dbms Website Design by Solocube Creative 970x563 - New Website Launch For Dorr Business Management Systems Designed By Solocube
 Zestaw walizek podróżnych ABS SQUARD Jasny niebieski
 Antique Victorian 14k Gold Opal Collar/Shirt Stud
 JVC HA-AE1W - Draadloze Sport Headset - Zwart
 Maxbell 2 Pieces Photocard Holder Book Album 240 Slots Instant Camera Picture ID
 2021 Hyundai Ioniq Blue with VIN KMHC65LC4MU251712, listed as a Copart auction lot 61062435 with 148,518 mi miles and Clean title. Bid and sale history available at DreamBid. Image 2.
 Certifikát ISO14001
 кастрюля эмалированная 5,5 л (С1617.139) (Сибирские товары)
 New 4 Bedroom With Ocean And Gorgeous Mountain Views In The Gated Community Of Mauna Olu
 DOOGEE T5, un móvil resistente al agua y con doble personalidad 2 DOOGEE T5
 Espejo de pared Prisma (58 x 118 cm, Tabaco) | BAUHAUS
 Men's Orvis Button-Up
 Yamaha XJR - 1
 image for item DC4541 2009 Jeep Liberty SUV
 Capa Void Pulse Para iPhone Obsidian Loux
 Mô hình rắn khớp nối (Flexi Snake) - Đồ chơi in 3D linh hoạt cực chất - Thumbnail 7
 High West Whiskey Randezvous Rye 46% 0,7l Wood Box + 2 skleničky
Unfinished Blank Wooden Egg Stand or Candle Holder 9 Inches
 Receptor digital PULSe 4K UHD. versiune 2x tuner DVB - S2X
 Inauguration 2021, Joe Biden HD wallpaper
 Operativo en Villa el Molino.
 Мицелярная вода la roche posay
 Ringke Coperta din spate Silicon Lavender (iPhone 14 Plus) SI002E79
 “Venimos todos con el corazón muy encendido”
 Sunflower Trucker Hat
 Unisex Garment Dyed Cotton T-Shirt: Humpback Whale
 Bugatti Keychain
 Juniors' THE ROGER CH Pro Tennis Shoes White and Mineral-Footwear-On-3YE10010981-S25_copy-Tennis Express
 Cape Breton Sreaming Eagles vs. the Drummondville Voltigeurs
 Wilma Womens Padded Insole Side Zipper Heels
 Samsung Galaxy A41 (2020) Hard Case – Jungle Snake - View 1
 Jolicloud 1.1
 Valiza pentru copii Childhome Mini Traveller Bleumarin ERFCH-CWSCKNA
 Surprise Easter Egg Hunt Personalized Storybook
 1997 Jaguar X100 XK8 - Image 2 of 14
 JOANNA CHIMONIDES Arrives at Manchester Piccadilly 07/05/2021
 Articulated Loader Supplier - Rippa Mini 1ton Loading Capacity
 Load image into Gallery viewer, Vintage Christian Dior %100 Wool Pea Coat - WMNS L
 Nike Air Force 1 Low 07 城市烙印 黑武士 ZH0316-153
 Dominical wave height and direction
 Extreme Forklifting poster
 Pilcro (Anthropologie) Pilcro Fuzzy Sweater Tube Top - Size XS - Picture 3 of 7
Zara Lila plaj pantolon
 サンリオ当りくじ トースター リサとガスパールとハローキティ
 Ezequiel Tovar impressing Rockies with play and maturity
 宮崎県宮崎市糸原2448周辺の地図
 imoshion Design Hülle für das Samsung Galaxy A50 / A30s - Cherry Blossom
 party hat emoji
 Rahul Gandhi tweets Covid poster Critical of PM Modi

☆ ☆ ☆ ☆ ☆ ☆ ☆

▸ WHAT IS NEEDED:
Out of the entries above, write out only the lines between the line holding "Inauguration 2021, Joe Biden HD wallpaper" and the line holding "Juniors' THE ROGER", inclusive, each exactly as given.

▸ ANSWER FOR THIS EXERCISE:
 Inauguration 2021, Joe Biden HD wallpaper
 Operativo en Villa el Molino.
 Мицелярная вода la roche posay
 Ringke Coperta din spate Silicon Lavender (iPhone 14 Plus) SI002E79
 “Venimos todos con el corazón muy encendido”
 Sunflower Trucker Hat
 Unisex Garment Dyed Cotton T-Shirt: Humpback Whale
 Bugatti Keychain
 Juniors' THE ROGER CH Pro Tennis Shoes White and Mineral-Footwear-On-3YE10010981-S25_copy-Tennis Express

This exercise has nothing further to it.